Exercise requirements: Only one stretch of the data below is needed. Output the lines from the one with "Land in Maracaibo - 1" up to and including the one with "Бласк. Игра бласк.", exactly as they stand.

Exercise material:
*** Block opens ***
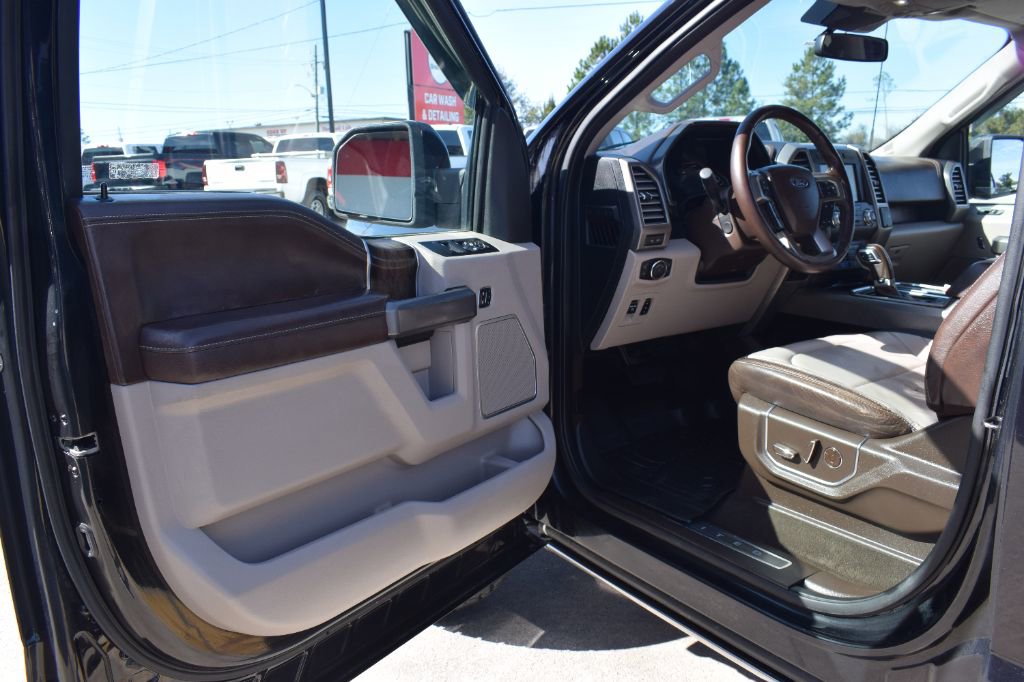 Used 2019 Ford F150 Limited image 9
*** Block closes ***
*** Block opens ***
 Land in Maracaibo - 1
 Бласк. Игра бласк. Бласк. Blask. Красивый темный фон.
*** Block closes ***
*** Block opens ***
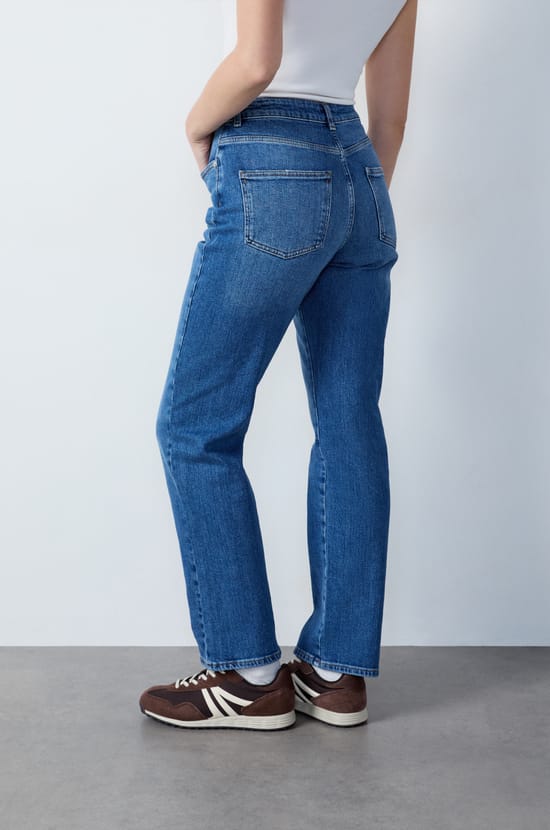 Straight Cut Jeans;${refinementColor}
*** Block closes ***
Answer to this task:
 Land in Maracaibo - 1
 Бласк. Игра бласк. Бласк. Blask. Красивый темный фон.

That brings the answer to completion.